#### AVAILABLE DATA
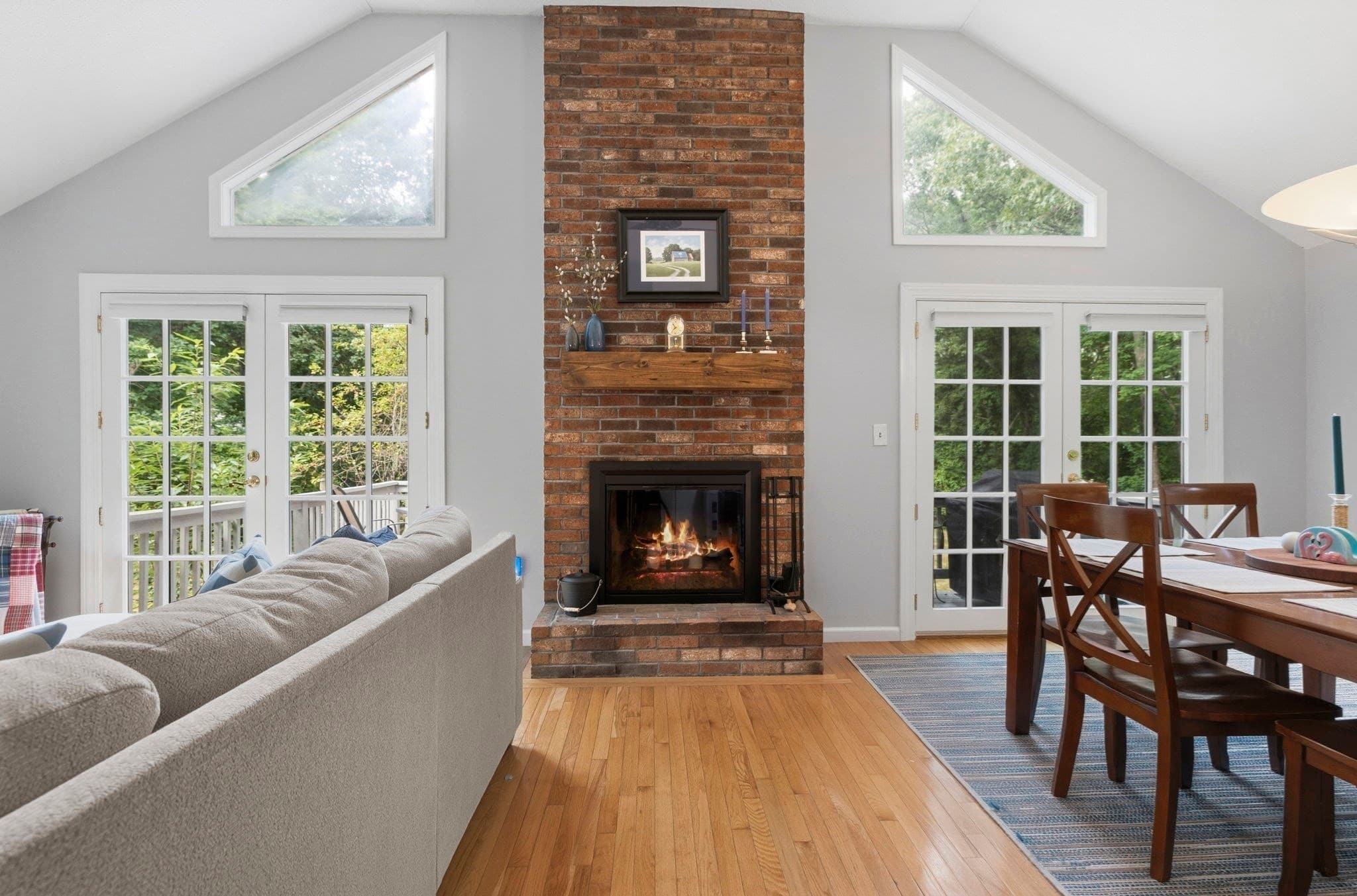 Single Family Residence at 55 Overlook Dr W, Framingham MA 01701, Framingham, photo 4 of 28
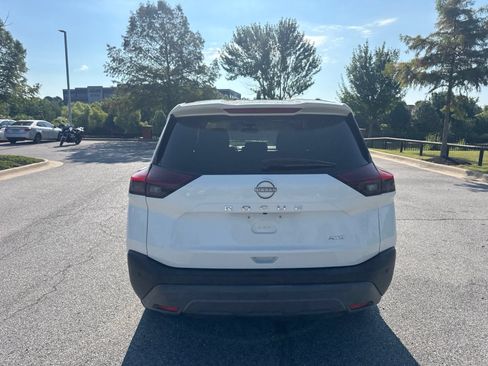 Used 2022 Nissan Rogue S AWD/4WD image 6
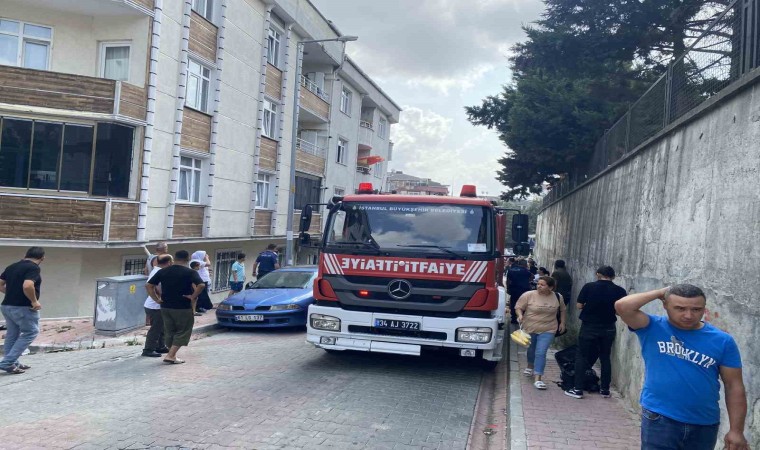 Esenyurtta ev yangını, itfaiye eri çocuğu böyle kurtardı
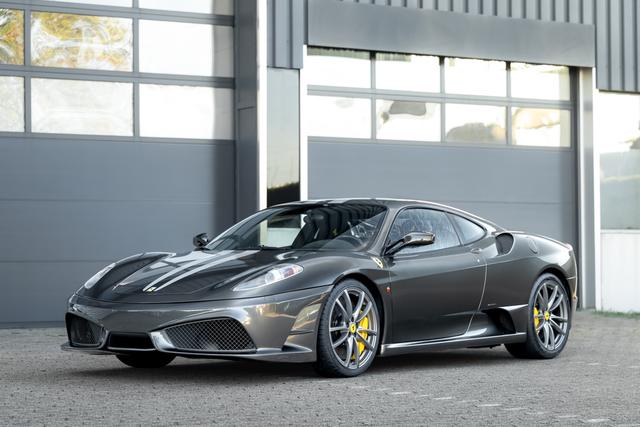 Ferrari F430 SCUDERIA GRIGIO SILVERSTONE RACING STRIPES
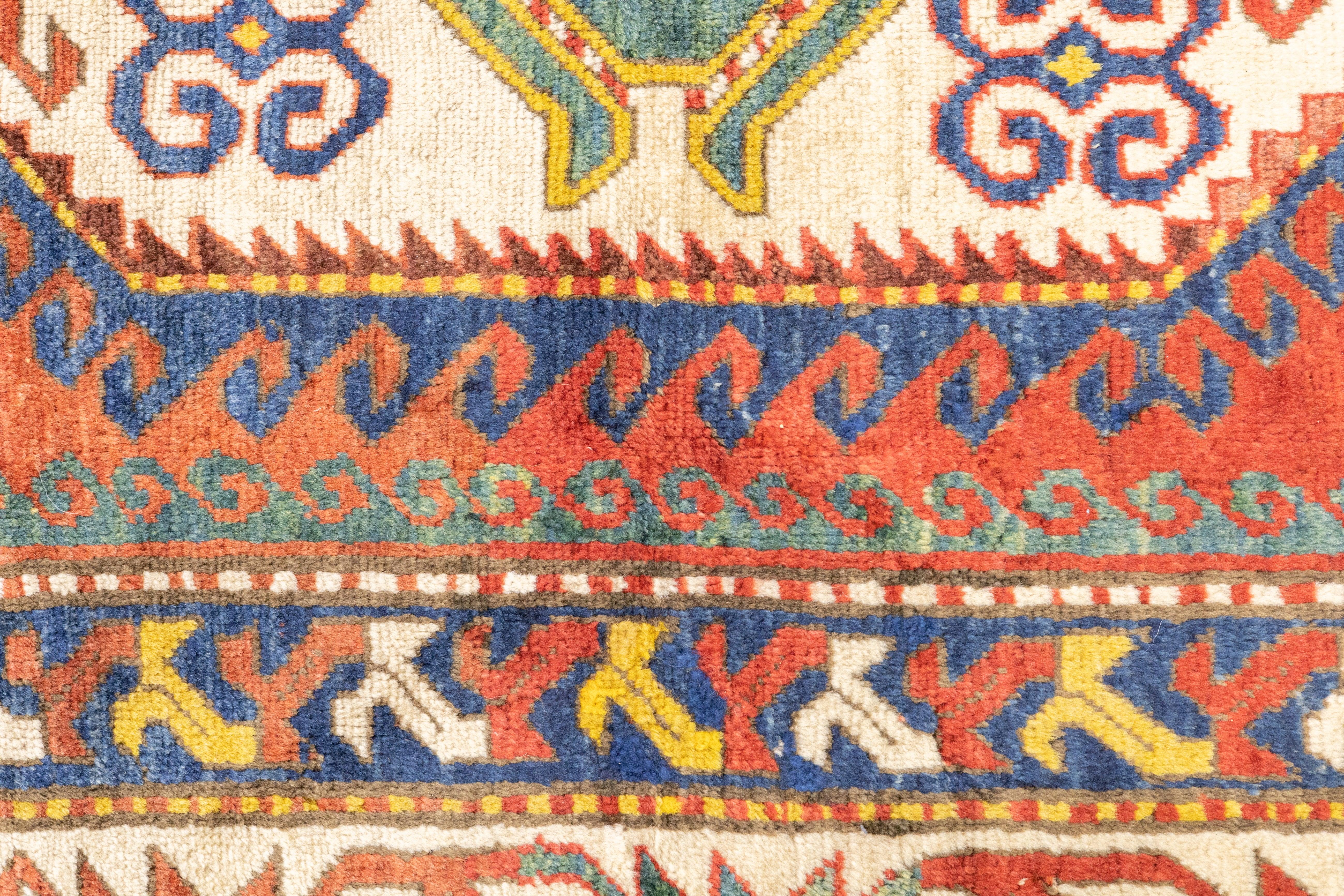 Antiker kaukasischer Kazak-Teppich 5'7'' x 8'0'' (Kaukasisch) im Angebot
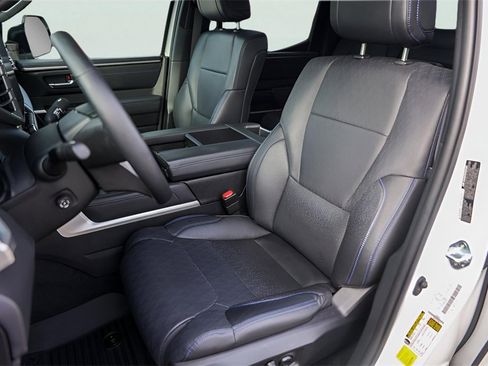 Used 2024 Toyota Tundra Platinum image 10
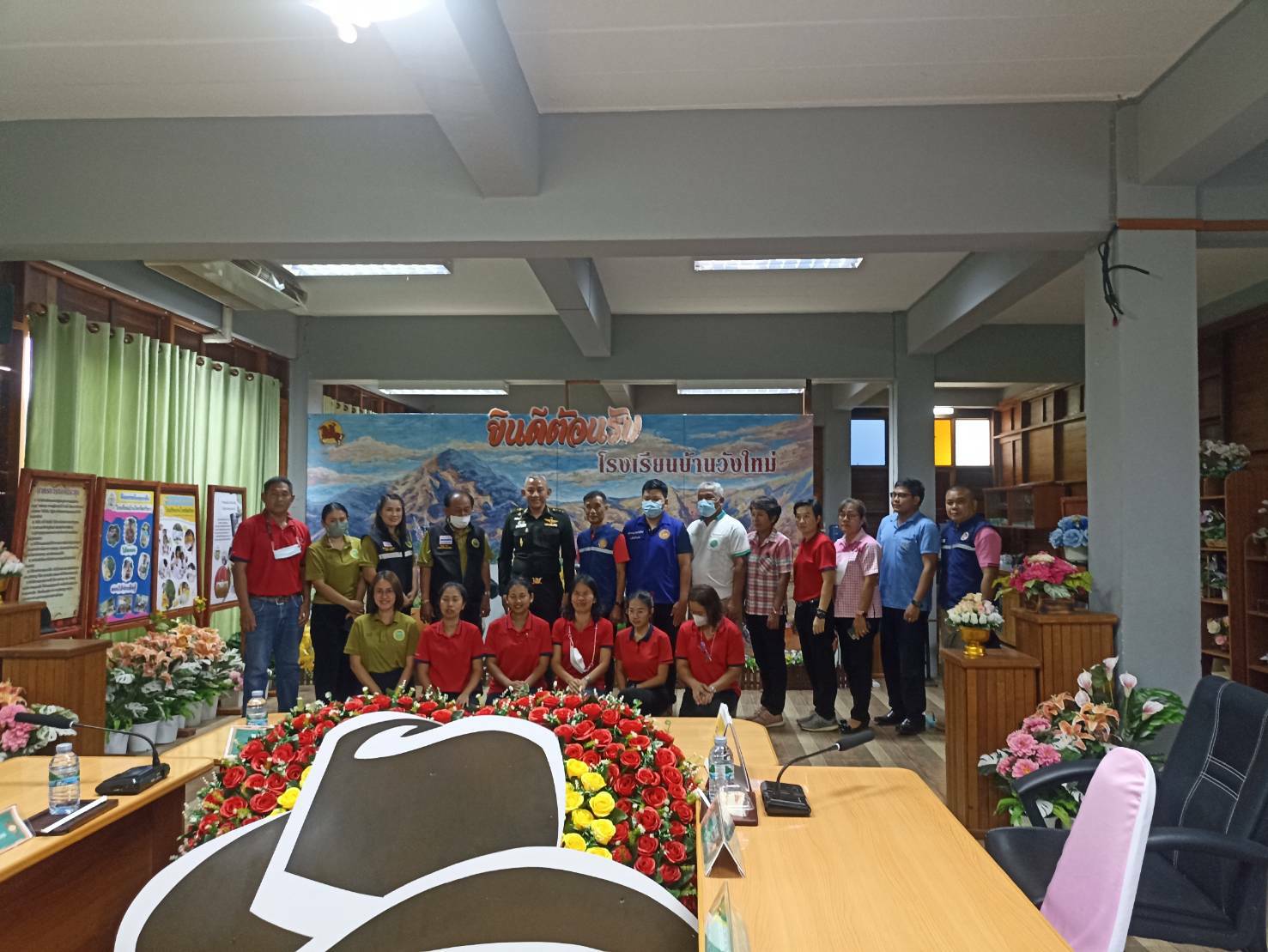 กิจกรรมส่งมอบโครงการชุมชนร่วมใจเกษตรเพื่ออาหารกลางวันร่วมกับกองอำนวยการรักษาความมั่นคงภายในจังหวัดสระแก้ว..คลิก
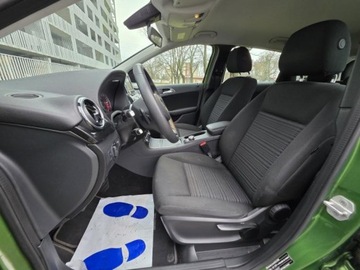 Mercedes Klasa B W246 Sports Tourer Facelifting 1.6 180 122KM 2017 MERCEDES B180, 1,6l benzyna 122KM Automat Niski przebieg: 103,232km, zdjęcie 4
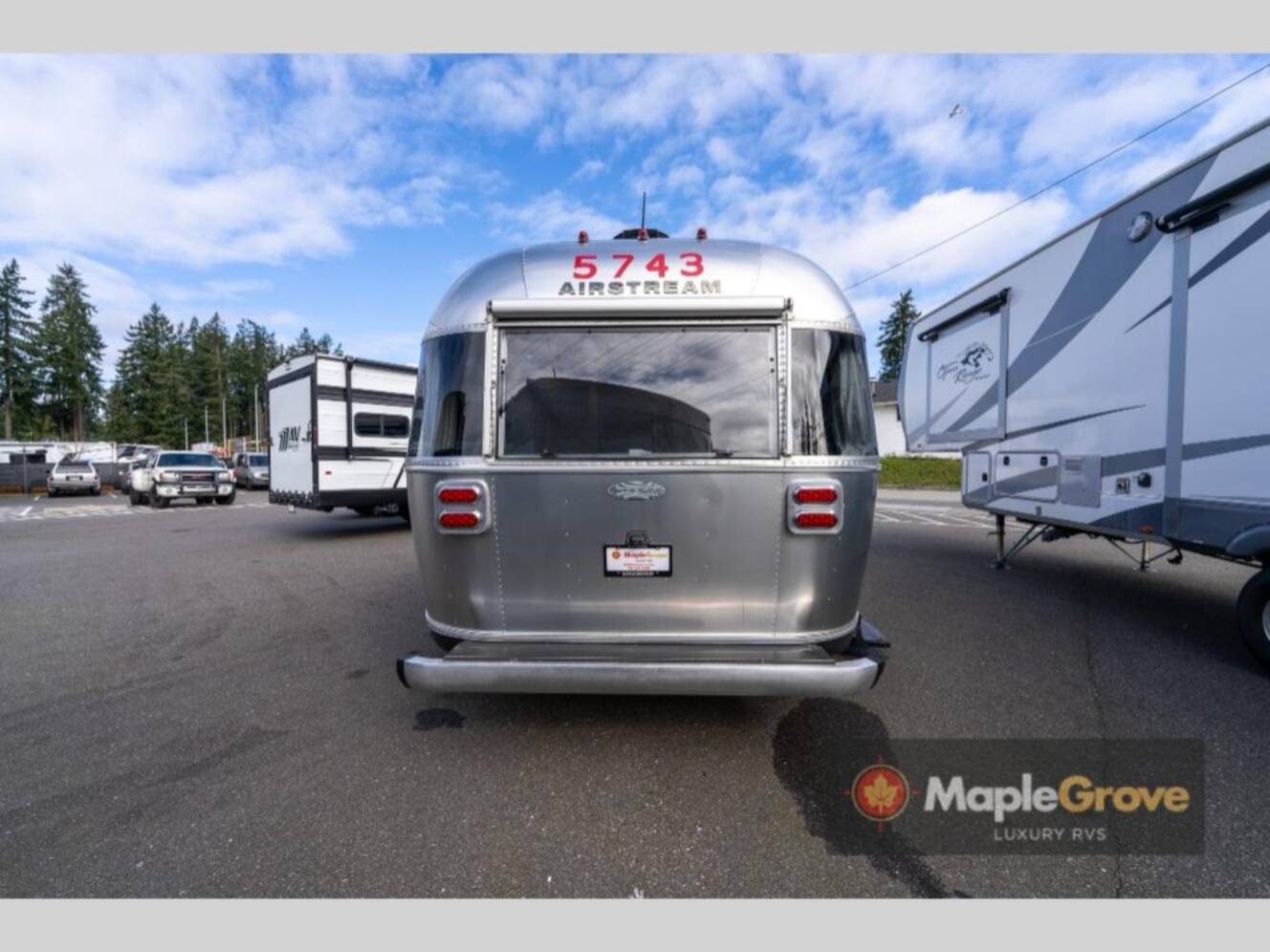 A photo of this 2015 Airstream Flying Cloud 25FB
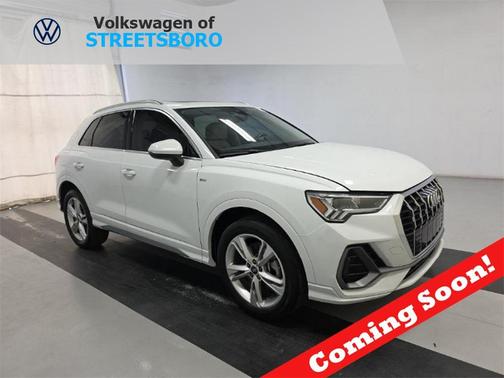 2024 Audi Q3 Premium 45 TFSI S line quattro Tiptronic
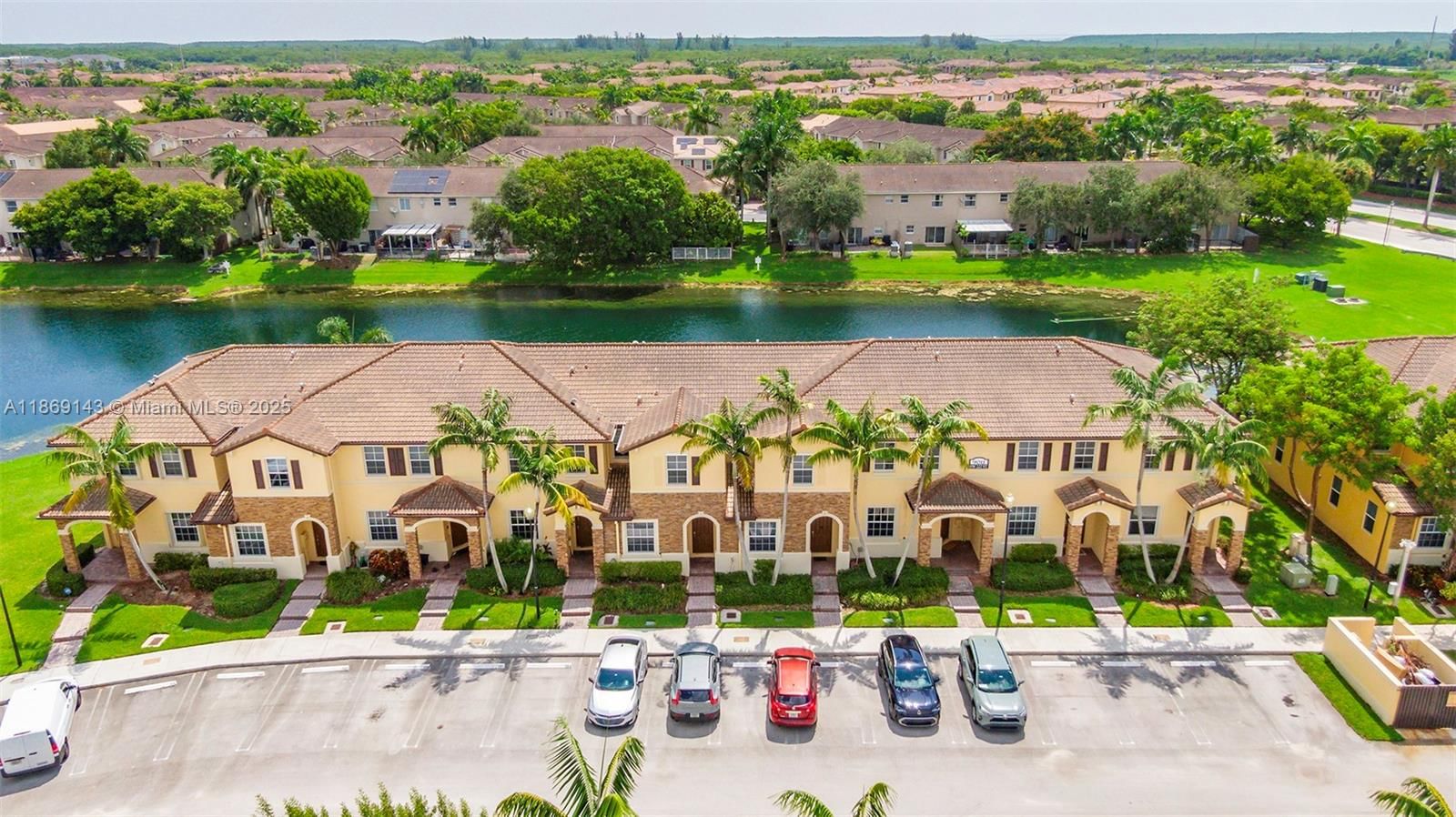 Real estate property located at 9011 227th St #3, Miami-dade, Lakes By The Bay Eve Repl, Cutler Bay, FL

#### TASK DETAILS
Would you print, exactly as they appear, the lines from the line with "Ferrari F430 SCUDERIA" through the end of the entries above, leaving out the pictures?

#### REPLY
 Ferrari F430 SCUDERIA GRIGIO SILVERSTONE RACING STRIPES
 Antiker kaukasischer Kazak-Teppich 5'7'' x 8'0'' (Kaukasisch) im Angebot
 Used 2024 Toyota Tundra Platinum image 10
 กิจกรรมส่งมอบโครงการชุมชนร่วมใจเกษตรเพื่ออาหารกลางวันร่วมกับกองอำนวยการรักษาความมั่นคงภายในจังหวัดสระแก้ว..คลิก
 Mercedes Klasa B W246 Sports Tourer Facelifting 1.6 180 122KM 2017 MERCEDES B180, 1,6l benzyna 122KM Automat Niski przebieg: 103,232km, zdjęcie 4
 A photo of this 2015 Airstream Flying Cloud 25FB
 2024 Audi Q3 Premium 45 TFSI S line quattro Tiptronic
 Real estate property located at 9011 227th St #3, Miami-dade, Lakes By The Bay Eve Repl, Cutler Bay, FL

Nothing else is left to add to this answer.